- [THE RECORDS]
....
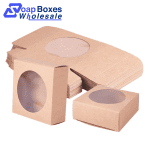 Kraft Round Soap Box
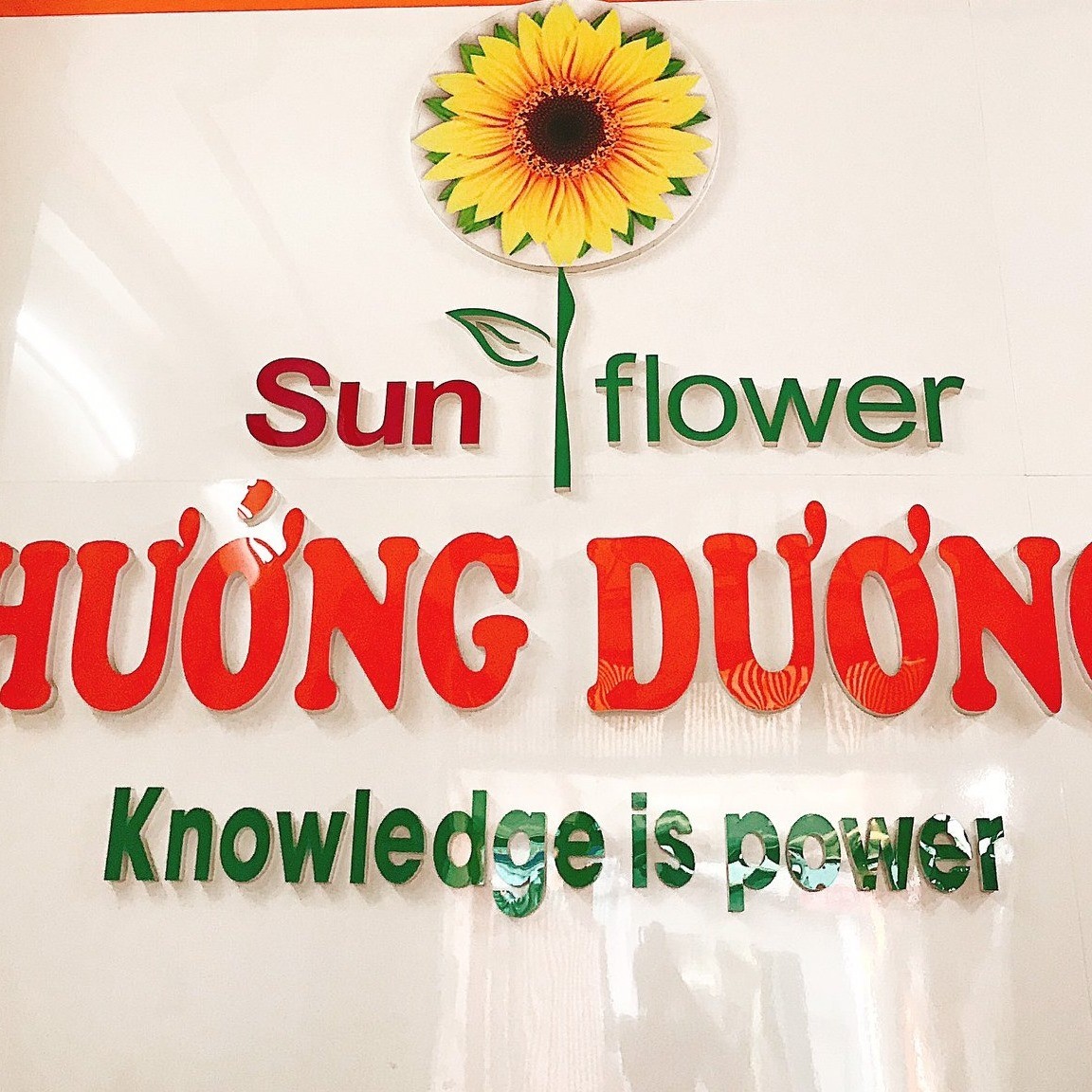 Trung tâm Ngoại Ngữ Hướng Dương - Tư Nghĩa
....
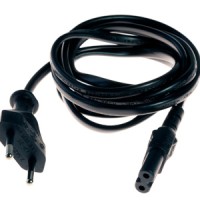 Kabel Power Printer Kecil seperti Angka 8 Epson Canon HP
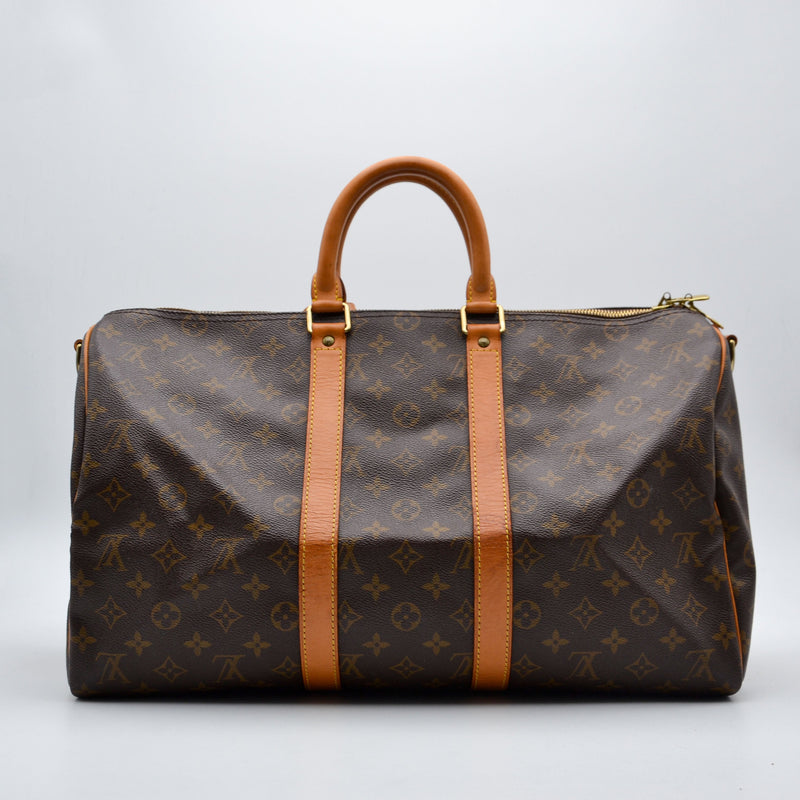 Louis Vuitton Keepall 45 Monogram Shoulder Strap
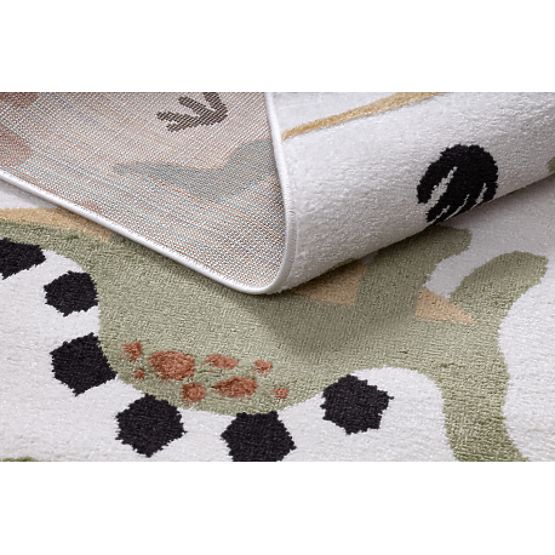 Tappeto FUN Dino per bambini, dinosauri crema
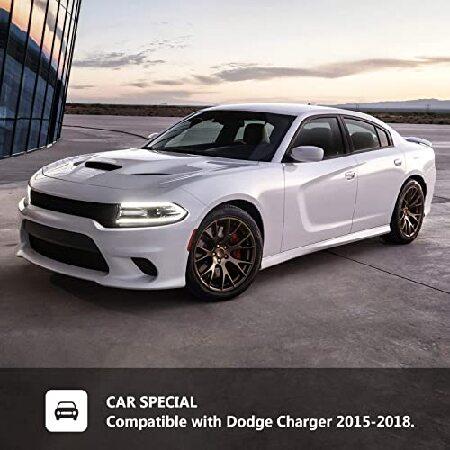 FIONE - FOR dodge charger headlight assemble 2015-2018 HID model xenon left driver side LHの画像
....
- [INSTRUCTIONS TO FOLLOW]
Print nothing except the lines above from the one containing "Kabel Power Printer" down to the one containing "FIONE - FOR", both included, exactly as written and free of pictures.

- [COMPLETED EXERCISE]
 Kabel Power Printer Kecil seperti Angka 8 Epson Canon HP
 Louis Vuitton Keepall 45 Monogram Shoulder Strap
 Tappeto FUN Dino per bambini, dinosauri crema
 FIONE - FOR dodge charger headlight assemble 2015-2018 HID model xenon left driver side LHの画像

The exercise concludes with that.